An oil base or oil pedestal is a water, dirt, and fat repellent paint which is applied directly as a coating on the rough plaster to protect it. It typically consists of a coating of paint, which is based on alkyd resin. It is often applied to walls alongside staircases, but also in kitchens and bathrooms of old buildings. It is sometimes found in heavy traffic hallways.

== Use ==
The oil base protects the wall from soiling and allows the surface to be easily wiped with a damp cloth for cleaning. The wall is not damaged by wiping, and dirt cannot stick due to the structure of the alkyd-resin-based paint. Even water cannot penetrate into the wall; therefore, the oil base is often found in kitchens or bathrooms of old buildings, where tiles may be used in more modern construction. An oil base may also be found in hospitals and heavy-traffic areas such as hallways or staircases in public buildings.

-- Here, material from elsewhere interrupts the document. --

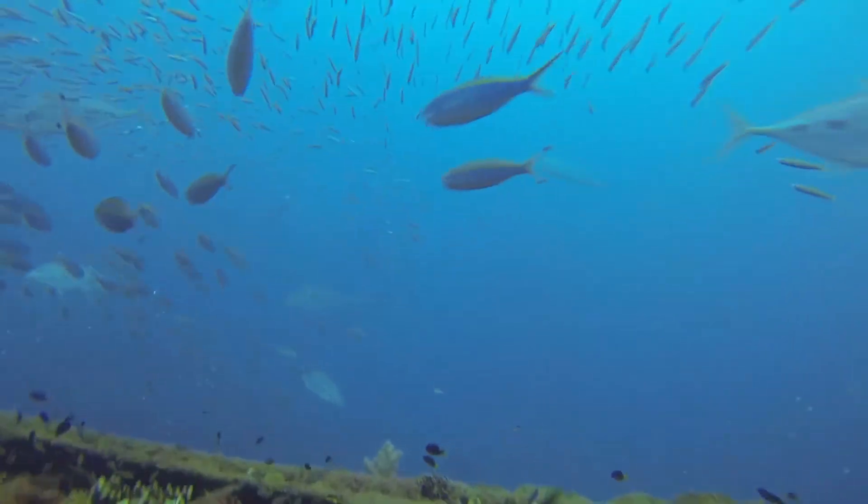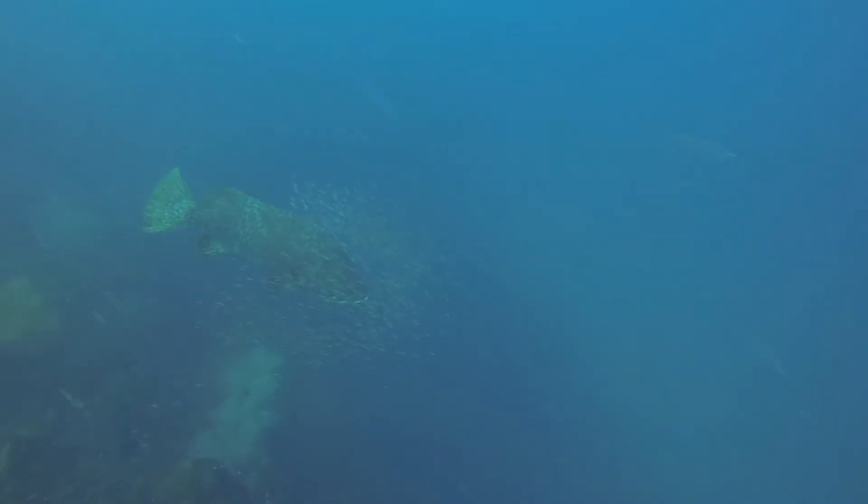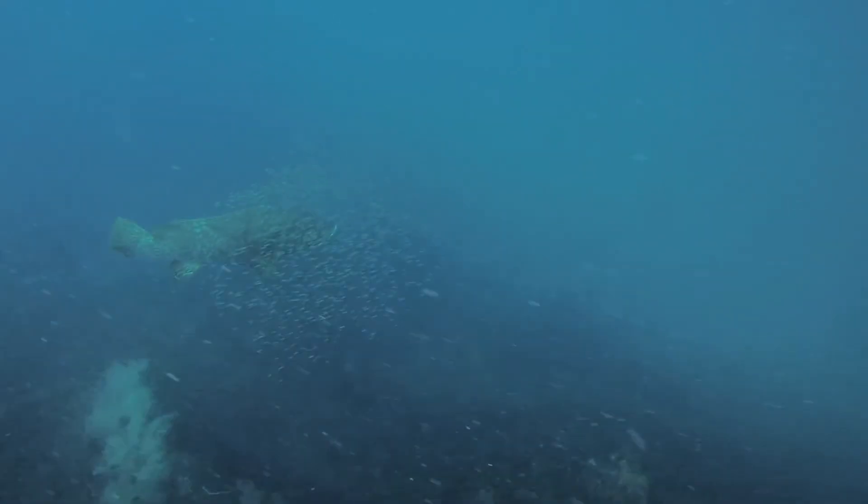And here's one last final view of the giant Queensland groupers as we were getting ready to surface. Well, I hope you enjoyed my video — thanks for watching, see you next time.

== Renewal of the oil base ==
For renewal of the oil base, it cannot simply be repainted. The old oil base first has to be completely removed, along with the underlying plaster layer. This can be done by knocking off the top layer of the plaster or by grinding away the existing oil base. Chemical solvents may also be used to peel off the paint layer. Once the old oil base is removed, a new layer of plaster can be applied, and after drying, the new coat of paint can be applied. Renewal of the oil base requires time due to the drying phases.

If the oil base is to be wallpapered with a wallpaper, it has to be thoroughly roughened first.